--- START ---

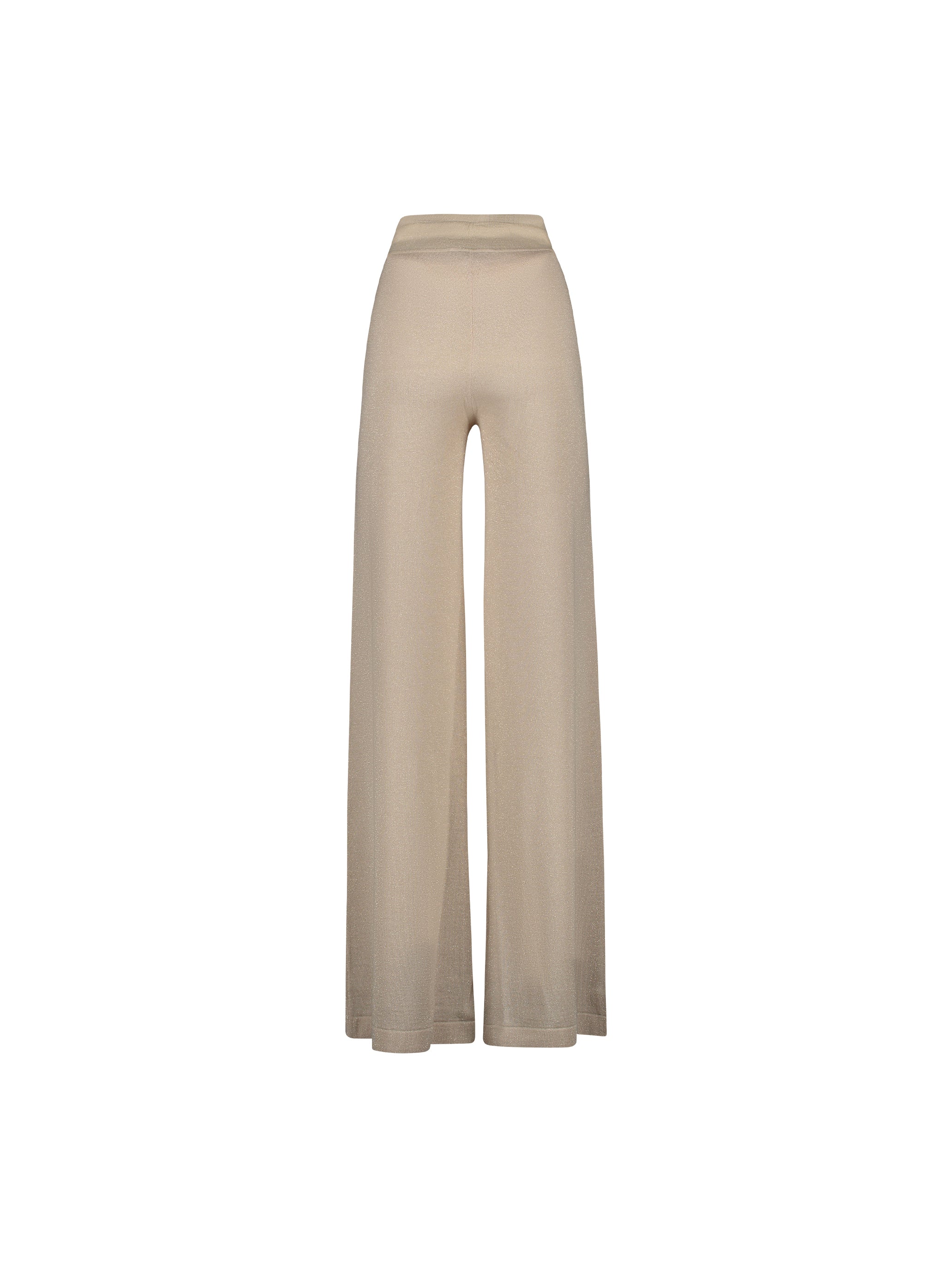 Tarken Pant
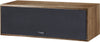 Magnat S12C Noyer - EasyLounge - 3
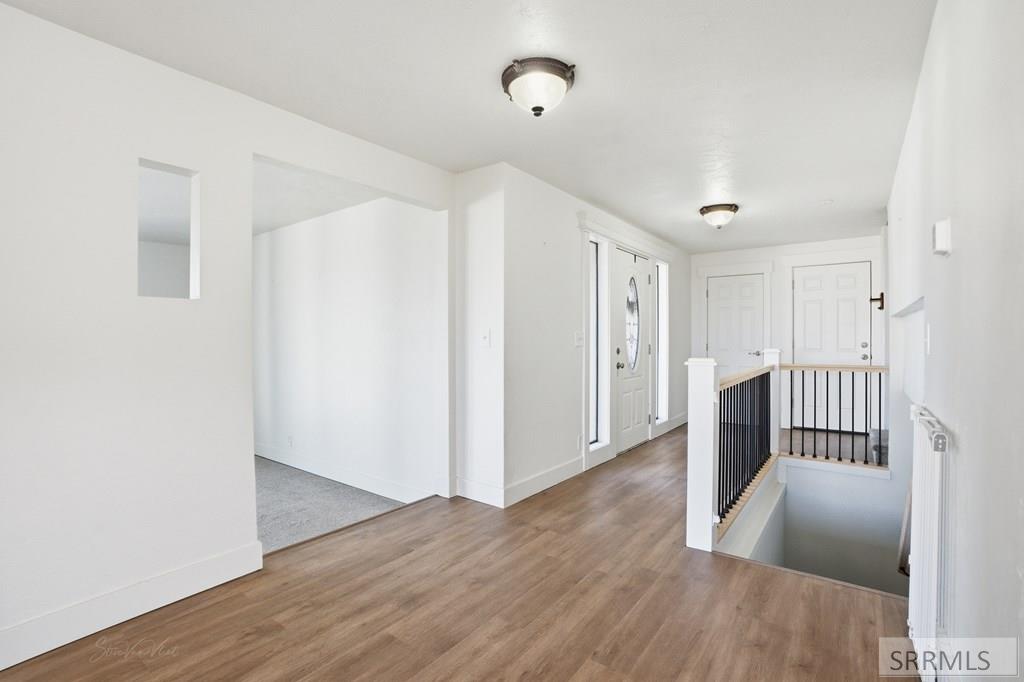 855 Renee Avenue Pocatello, ID 83201 - Photo 12 of 46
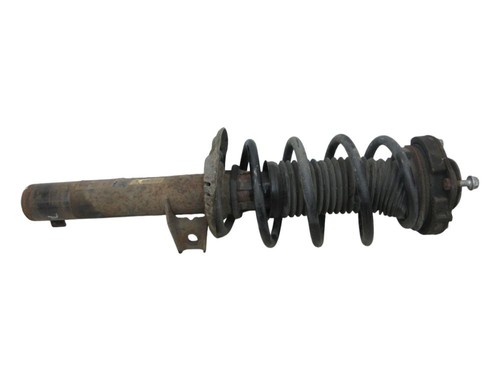 Federbein Stoßdämpfer vorne links passt für VW EOS (1F7, 1F8) 2.0 FSI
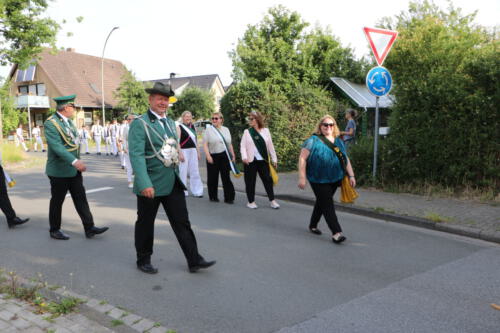 Schuetzen25 1273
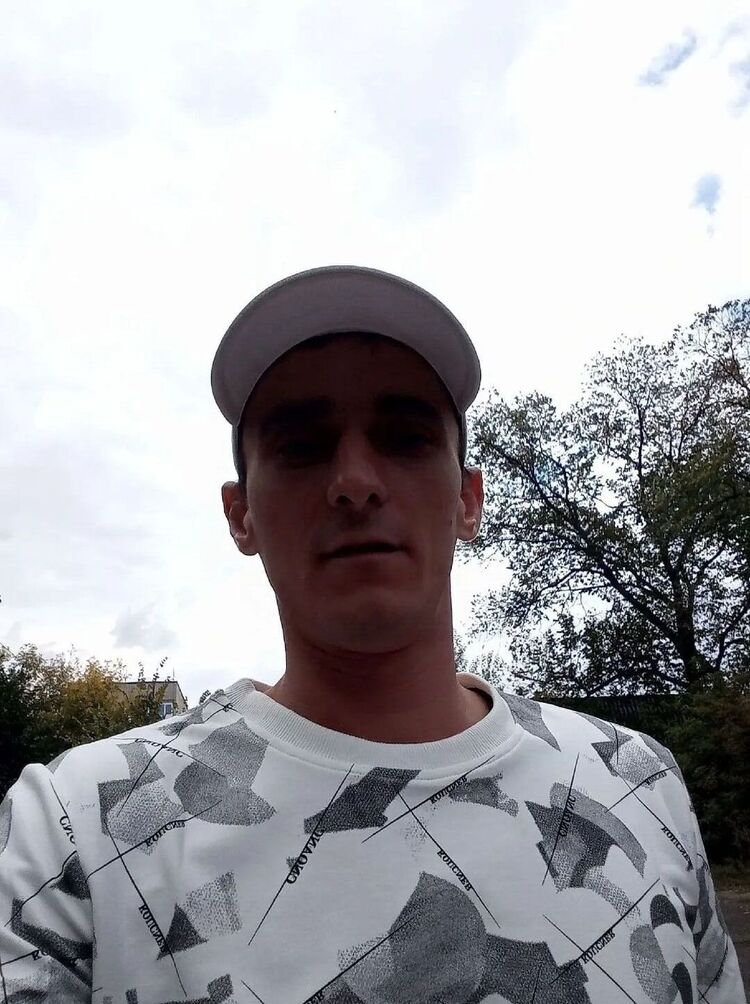  31715314  , 35 ,    
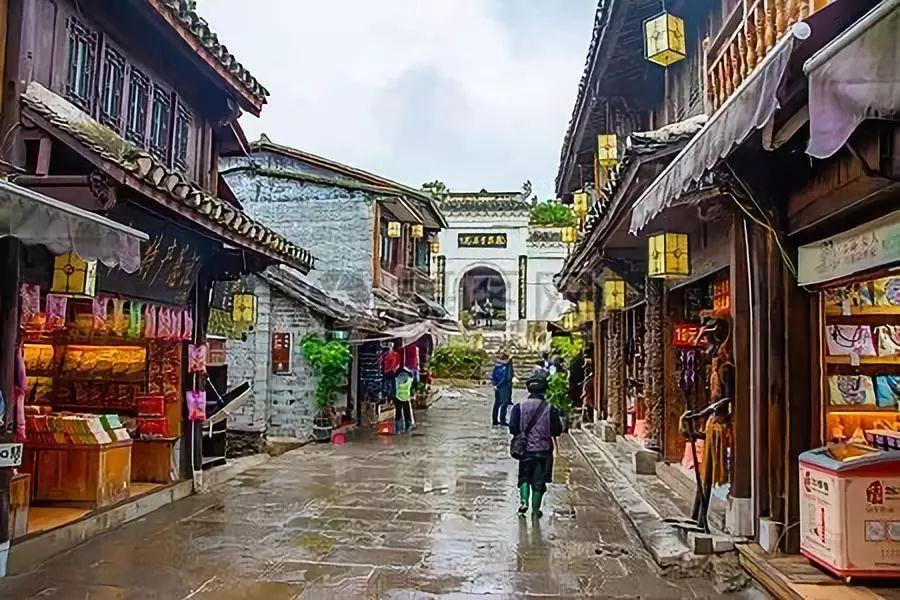 监狱建筑师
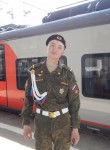 Иван Семёнов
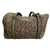 Used Vera Bradley Xlarge Handbag 60115-S000229991 View 2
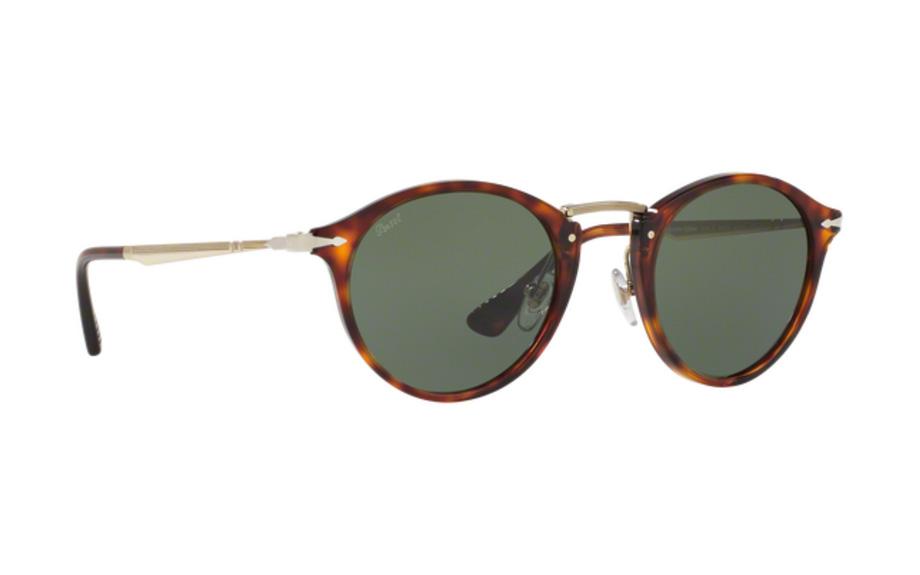 persol sunglasses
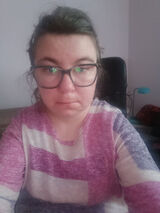 Foto pengguna stokrotce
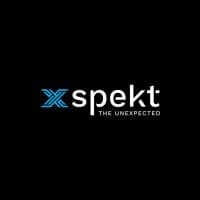 Xspekt logo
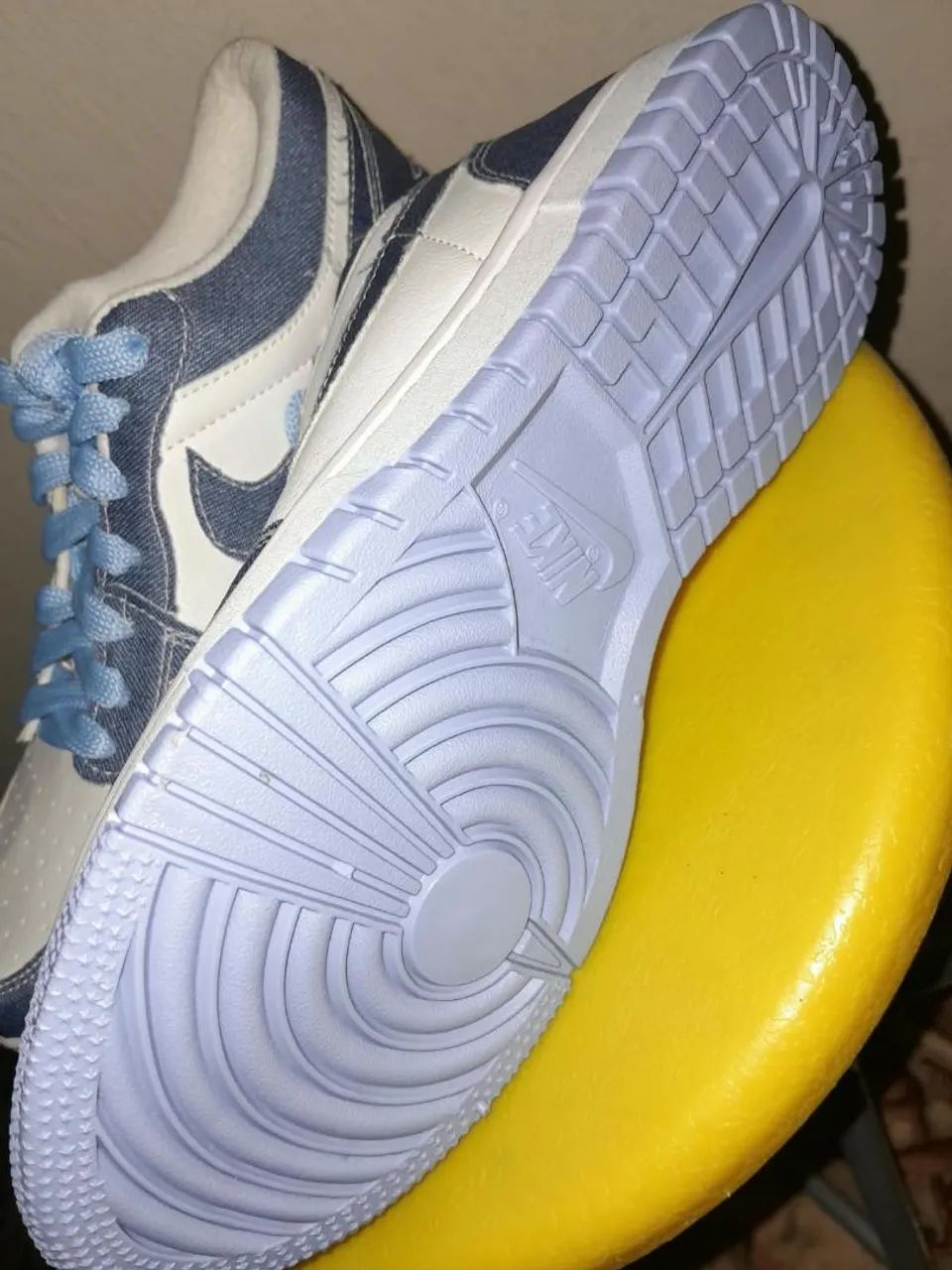 Tênis Nike - Foto 2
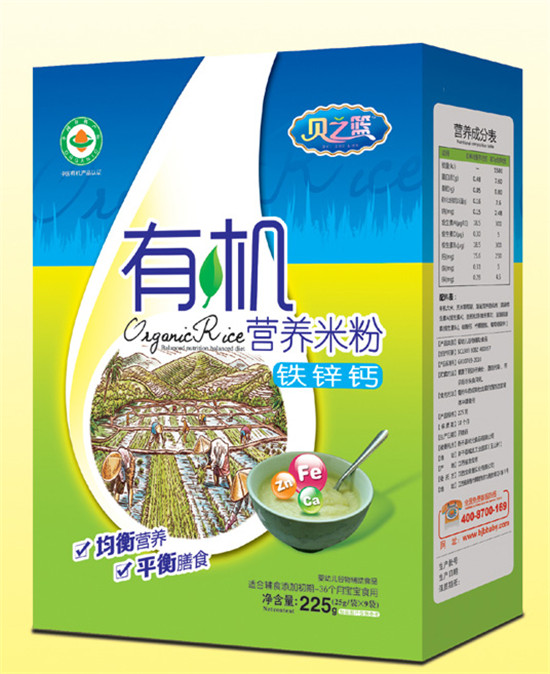   ֮ؐ�@�F�\�}-�ЙC�I�B�׷ۺ��b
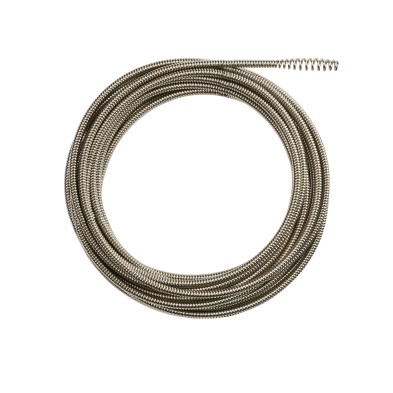 M18 FDCPF10-201C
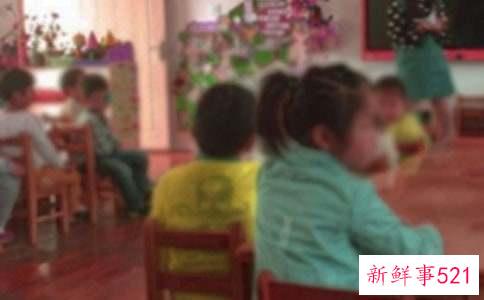 幼儿园小班反思周记怎么写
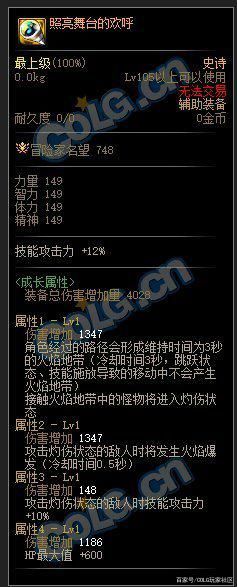 地下城私服精神刺激药起飞！仅1天就上涨60%，平民直呼吃不起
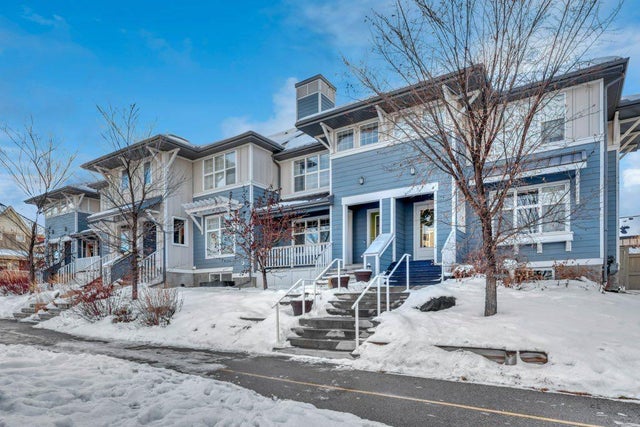 65 Marine Drive Se, Calgary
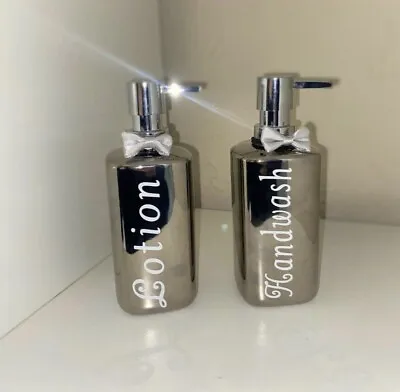 £15 • Buy Hand Wash And Hand Lotion Set 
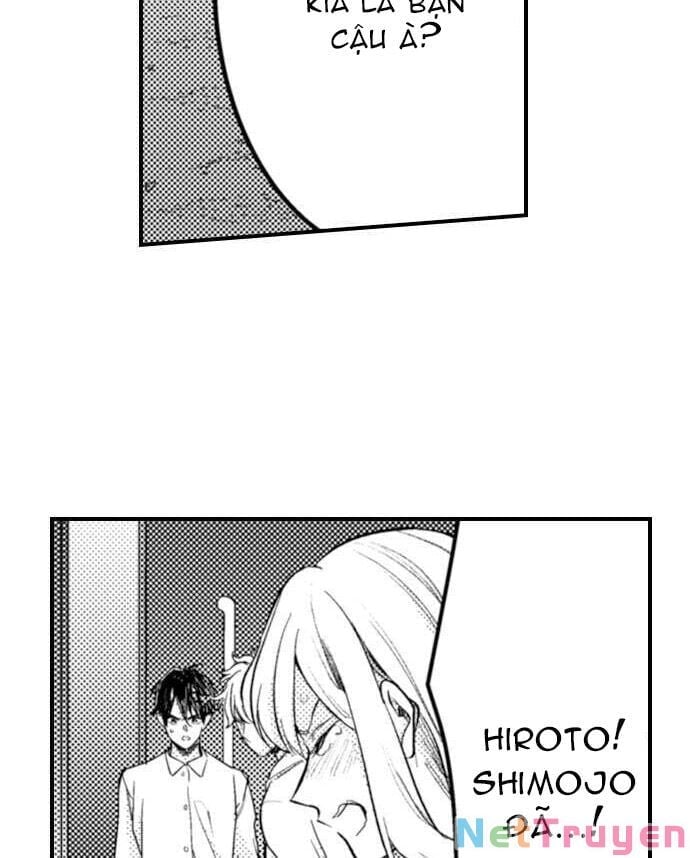 Giả Vờ Ngủ Cũng Không Ngăn Được Anh Ấy Chap Chapter 119.1-Giả Vờ Ngủ Cũng Không Ngăn Được Anh Ấy - Next Chap 200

--- END ---

§ **Task requirements**: Quote the preceding records in their entirety, excluding every picture.

§ **Solution to the problem**:
 Tarken Pant
 Magnat S12C Noyer - EasyLounge - 3
 855 Renee Avenue Pocatello, ID 83201 - Photo 12 of 46
 Federbein Stoßdämpfer vorne links passt für VW EOS (1F7, 1F8) 2.0 FSI
 Schuetzen25 1273
  31715314  , 35 ,    
 监狱建筑师
 Иван Семёнов
 Used Vera Bradley Xlarge Handbag 60115-S000229991 View 2
 persol sunglasses
 Foto pengguna stokrotce
 Xspekt logo
 Tênis Nike - Foto 2
   ֮ؐ�@�F�\�}-�ЙC�I�B�׷ۺ��b
 M18 FDCPF10-201C
 幼儿园小班反思周记怎么写
 地下城私服精神刺激药起飞！仅1天就上涨60%，平民直呼吃不起
 65 Marine Drive Se, Calgary
 £15 • Buy Hand Wash And Hand Lotion Set 
 Giả Vờ Ngủ Cũng Không Ngăn Được Anh Ấy Chap Chapter 119.1-Giả Vờ Ngủ Cũng Không Ngăn Được Anh Ấy - Next Chap 200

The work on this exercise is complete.